La spesa in innovazione: 5,5% del PIL
La spesa in ICT è stata pari, nel 2004, al 5,5% del PIL, e la parte preponderante riguarda la spesa in telecomunicazioni (3,6%). Il valore totale risulta in leggera crescita rispetto a quello dei tre anni precedenti (intorno al 5,3%), ma la percentuale di spesa in IT è rimasta sostanzialmente invariata negli ultimi anni.
I cittadini e l’innovazione tecnologica: 7,9 milioni utilizzano la banda larga Secondo le rilevazioni di Nielsen//NetRatings è aumentato il numero di famiglie che possiede un PC in casa: il 58%, rispetto al 55% del primo semestre 2004. Nel 2004 hanno navigato ad alta velocità 7,9 milioni di italiani, il 47% di tutti gli utilizzatori (il numero di accessi in banda larga è pari invece a 4,7 milioni). Il navigatore in banda larga ha un profilo più maschile e maggiormente concentrato nelle fasce giovani di quello a banda stretta.

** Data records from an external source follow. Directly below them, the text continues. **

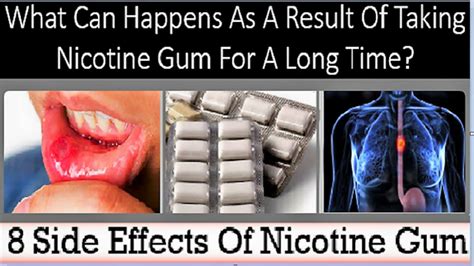 Nicotine Gum Side Effects Teeth: What You Should Know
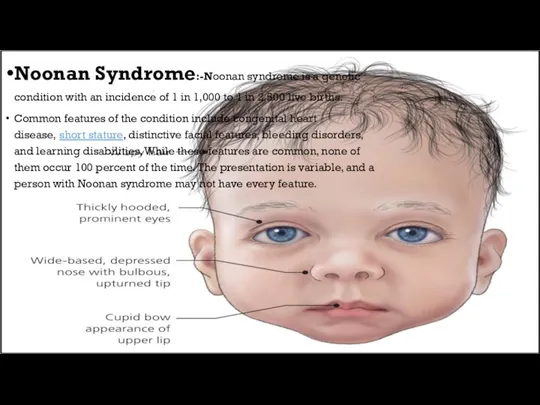 Noonan Syndrome:-Noonan syndrome is a genetic condition with an incidence of 1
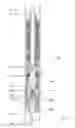Fig. 07 - Casing fill-up fluid management tool
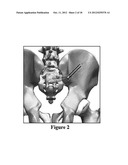 Method for Minimally Invasive Treatment of Unstable Pelvic Ring Injuries diagram and image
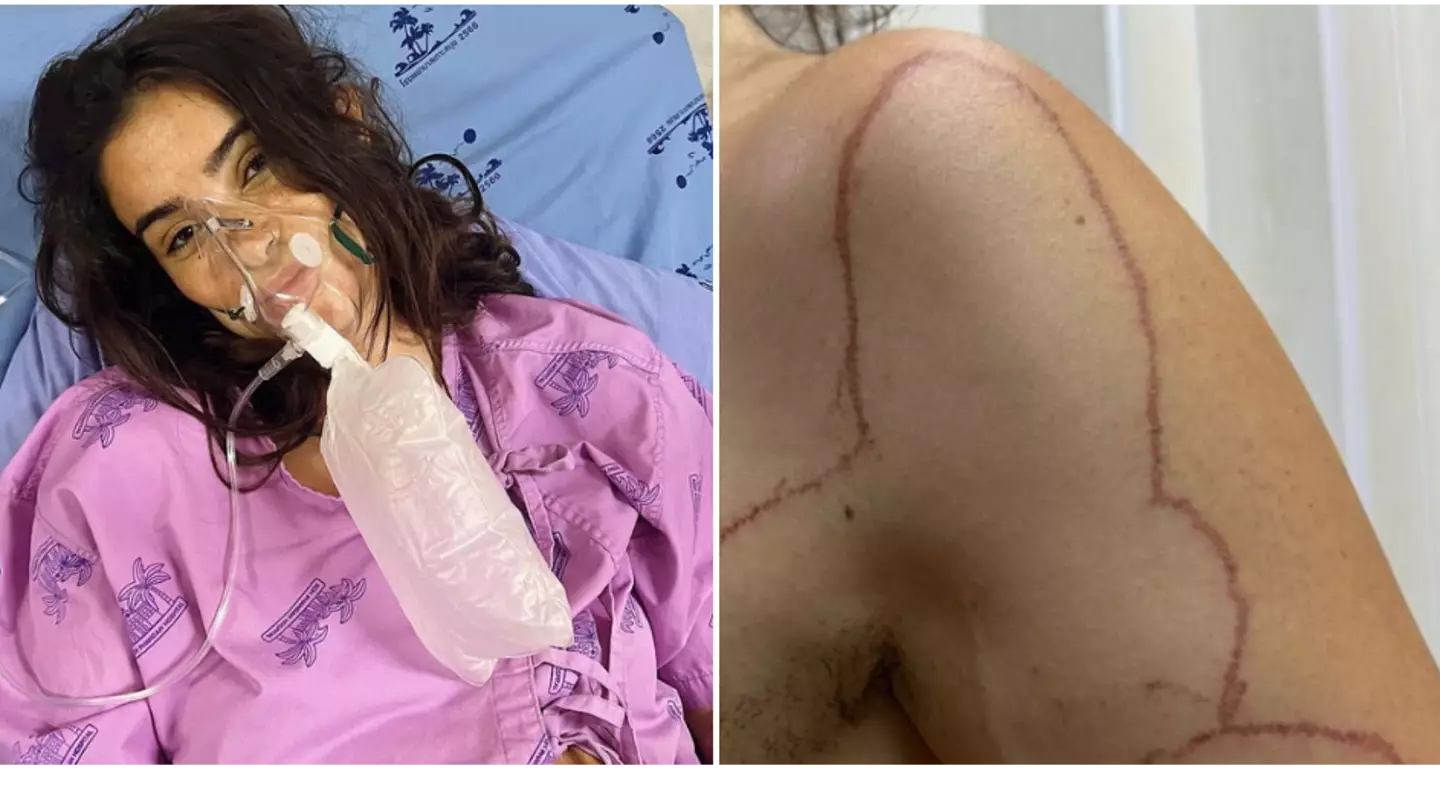 Woman issues urgent warning to ‘stay safe whilst swimming’ after being hospitalised on holiday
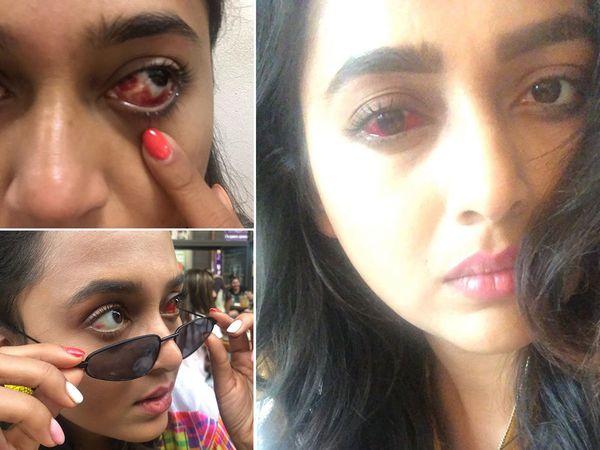 Shantanu maheshwari khatron ke khiladi Winner And Fans Upset tv actress tejaswi prakash Exit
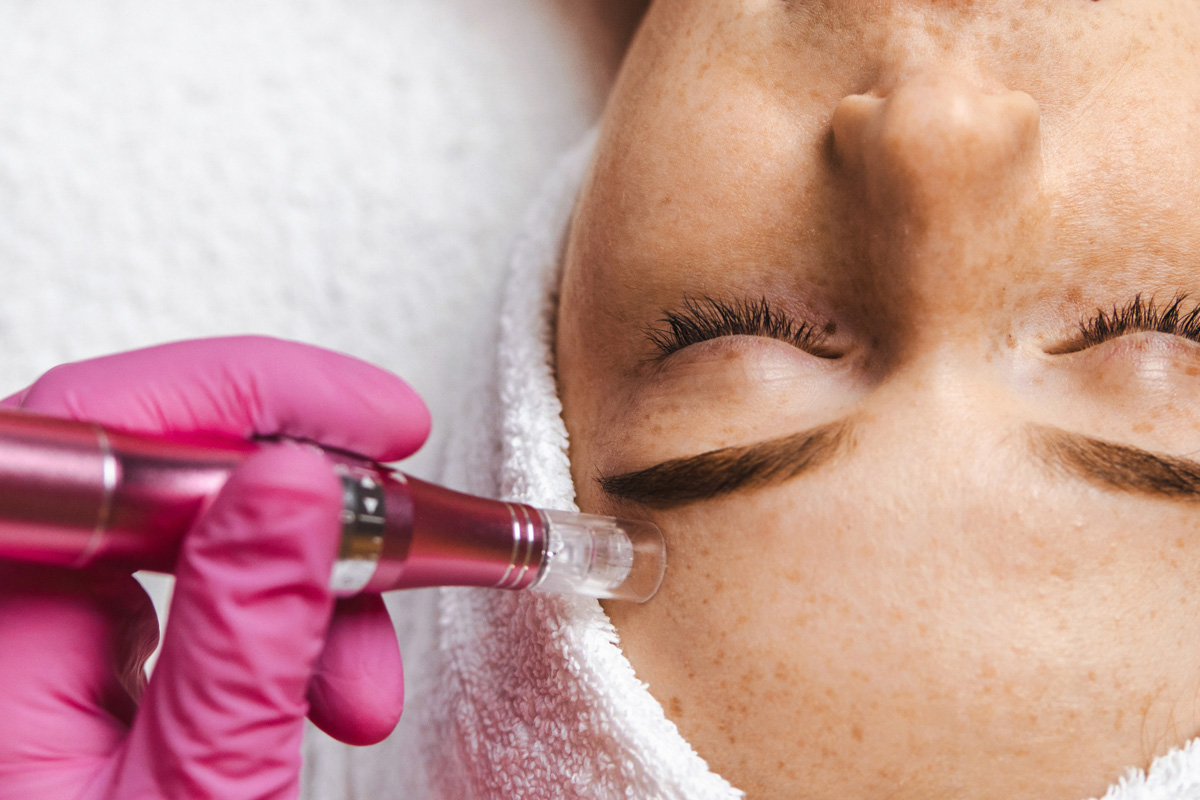 Microneedling colagen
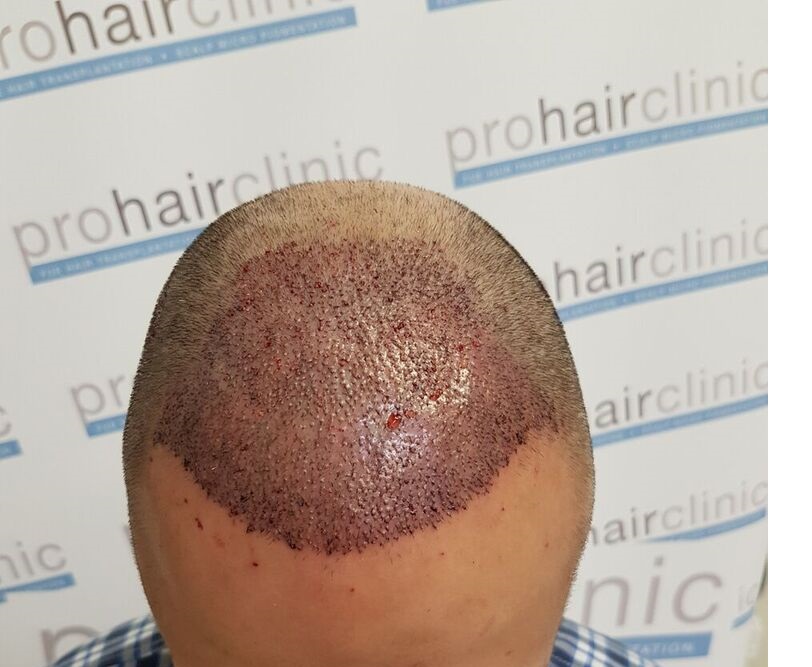 index.php/fa/31338/0/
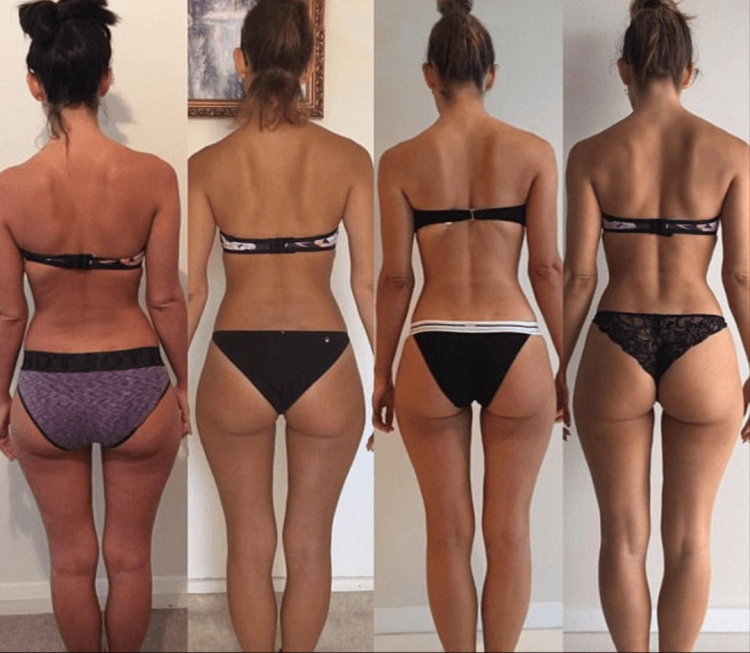 Идеальная форма ягодиц у женщин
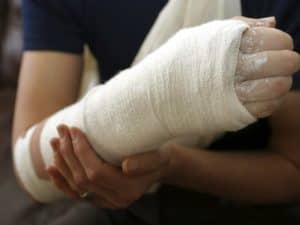 person's arm in cast from crush injury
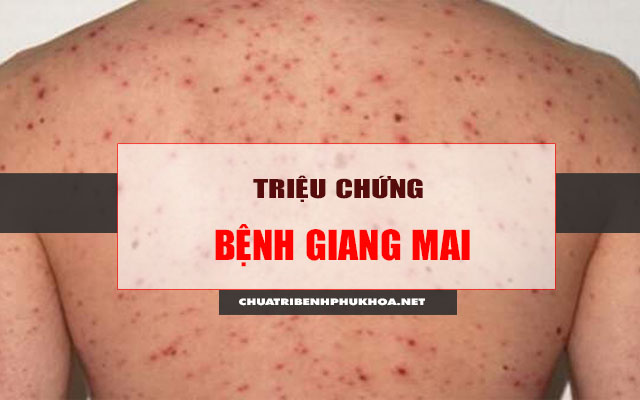  dấu hiệu của bệnh giang mai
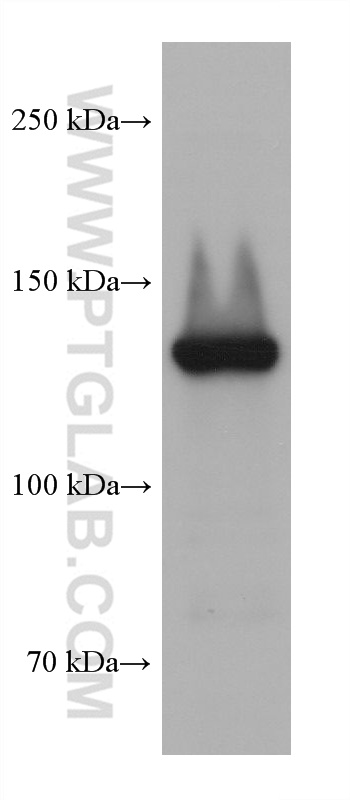 WB analysis of Karpas-422 using 67011-1-Ig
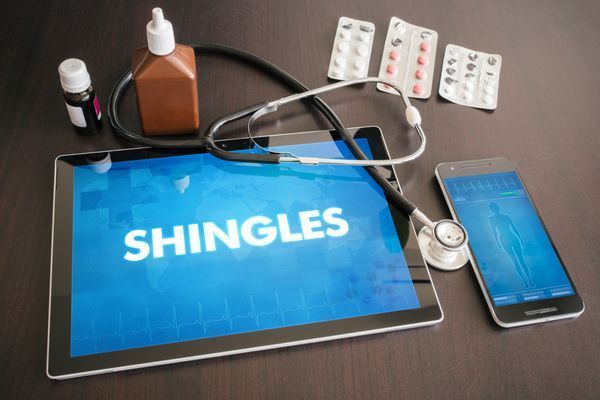 shingles
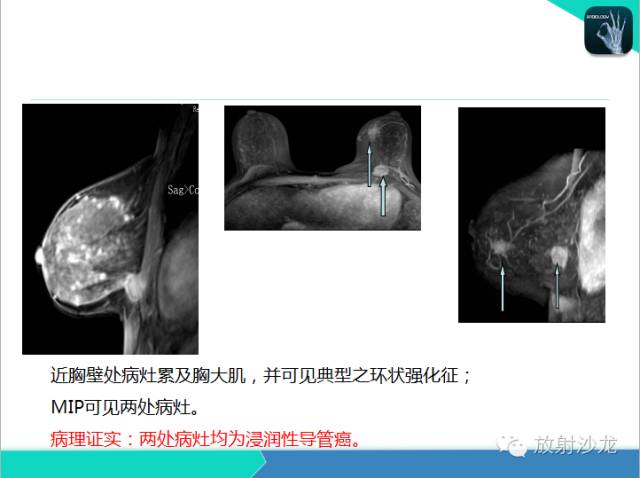 【PPT】乳腺病变的MR诊断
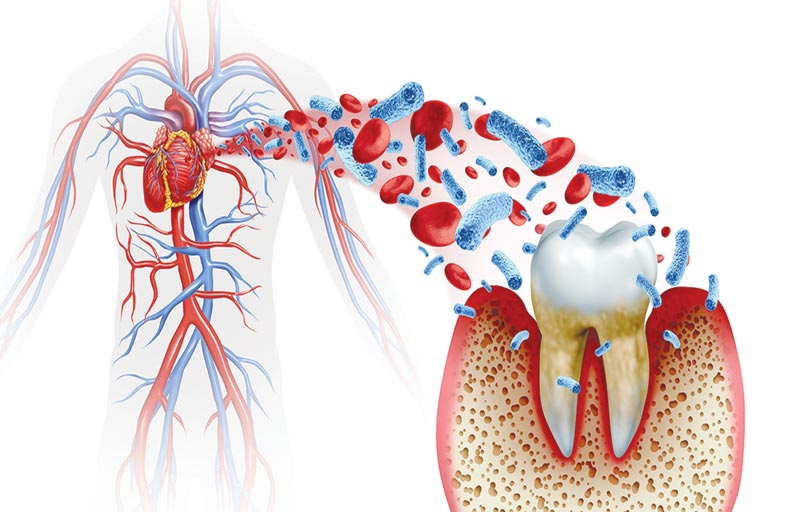 كيف يؤثر تسوس الأسنان على صحة القلب؟!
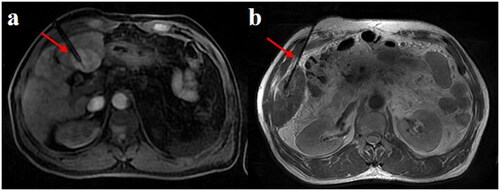 Figure 2. Intraoperative imaging: the microwave ablation needle showed low signal in all sequences and was inserted into the center of the tumor step by step (a,b). the scanning equipment was Ge MR750W with the following parameters: FOV = 40 cm, phase FOV = 0.8, and layer thickness 5.0 mm. Matrix = 256 * 192, NEX = 1, bandwidth = 142.8, flip angle = 15.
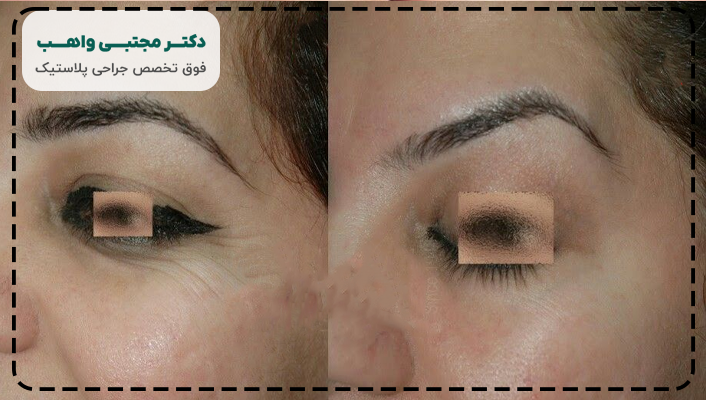 تفاوت لیفت ابرو و شقیقه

La sicurezza on-line: un problema per il 33% delle imprese
Per le imprese: il 33% di imprese ha riscontrato problemi di sicurezza informatica e la percentuale è sostanzialmente uniforme tra aziende di dimensioni differenti. Per i cittadini: l’esperienza di trovarsi di fronte a finestre aperte in maniera automatica con pubblicità di altri siti è comune al 57,6% dei navigatori, mentre il 31,5% di loro ha dovuto fronteggiare contenuti indesiderati od offensivi.
Aumenta l’accesso delle imprese a Internet: 54% con banda larga
Il valore medio delle imprese che accedono ad Internet è passato dal 45,5% nel primo semestre 2004 al 46,8% nel secondo semestre, ma per quelle di più grandi dimensioni la percentuale è vicina al 100%. Per quanto riguarda le piattaforme IP-based che abilitano le aziende ad aprirsi verso l'esterno per dialogare con interlocutori interni (Intranet) o esterni (Extranet), o non conosciuti a priori (sito web), nel secondo semestre del 2004 si è rilevato un dinamismo significativo, con un tasso di crescita di circa cinque punti percentuali: la presenza sul web passa dal 26% al 31% (percentuale calcolata sul totale delle aziende), oppure dal 48% al 55% se si calcola la percentuale sulle aziende con accesso a Internet. La diffusione della banda larga nelle imprese ha raggiunto nel 2004 il 54% circa delle aziende che accedono a Internet, contro il 45% del primo semestre 2004.
E-Learning
Le imprese: il 26% delle imprese con oltre 250 addetti utilizza applicazioni di e-Learning per la formazione del proprio personale, mentre quelle con minor numero di dipendenti si attestano mediamente tra il 4,8% e il 7,4%.
I cittadini: si stima che a metà 2004 la maggior parte dei navigatori abbia utilizzato Internet per ricercare informazioni su argomenti di studio o di lavoro (con una sostanziale uguaglianza di valori tra uomini e donne), mentre ancora bassa è la percentuale che utilizza il web per seguire reali corsi di formazione.
E-Business: il 6,1% delle imprese opera attraverso il commercio elettronico
Le imprese: il peso del commercio elettronico sul fatturato delle imprese ammonta al 6,1%. Ancora basso è il numero di imprese che si rivolgono a tecnologie di e-Procurement per acquistare prodotti o servizi: 6% con punte del 34% nelle aziende con più di 250 dipendenti. Più alto è il numero delle aziende che hanno ricevuto ordini mediante applicativi di e-Commerce, circa il 20%.
I cittadini: L’utilizzo di Internet per finalità di e-Commerce è ancora ad uno stadio semi-iniziale: a metà 2004 solo il 6,8% del navigatori attivi utilizza il web con questa finalità.